The police station will be vastly expanded. Previously, the station was an unreinforced 50-year-old building near the ferry dock. The new building will allow spaces more accessible to the public, allow residents to remain inside the building and will no longer be used to interview victims in the same spaces used for suspects in custody.
“Our old facility fulfilled its purpose but its time has come and gone and looking forward to having a modern police department,” police chief Joe Clark said.
The former city court was housed in a temporary storage building for 30 years. The new courthouse has a new goal for the community.

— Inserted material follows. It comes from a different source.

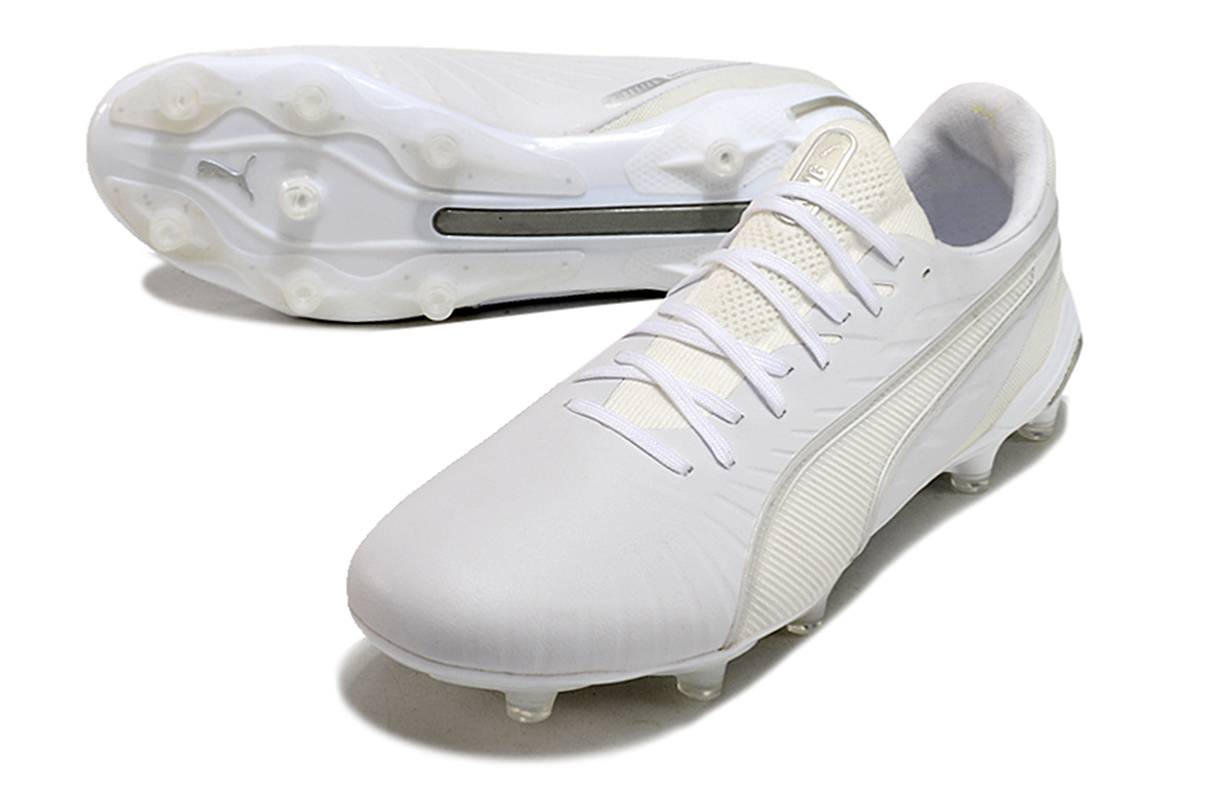 chuteira-campo-puma-king-ultimate-fg-branca-whiteout-pack-5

“The important thing about this court building is it shows important decisions are made and you can be heard,” city manager Blair King said. “The last building did not have that feeling. This does convey that people can be heard and cases can be weighed.”
Lastly, the Emergency Operations Center used to be in a closet at City Hall. It would take at least an hour to set the center up each day, causing delays if help was needed. The new center will be a huge upgrade. “When this was first envisioned, the emergency center was not a part of it,” Emergency Management coordinator Anne LeSage said. King “knew we should include some space for the emergency operation center. Having a standalone EOC is critical for us to move our planning processes forward.”
The center will be used as a destination center if a disaster strikes.
In addition to the new facilities, the justice center takes pride in other features. The artwork, titled “Peers” and created by Shawn Parks, creates a sense of space and place. The mindset is to allow people to know important things happen at the location.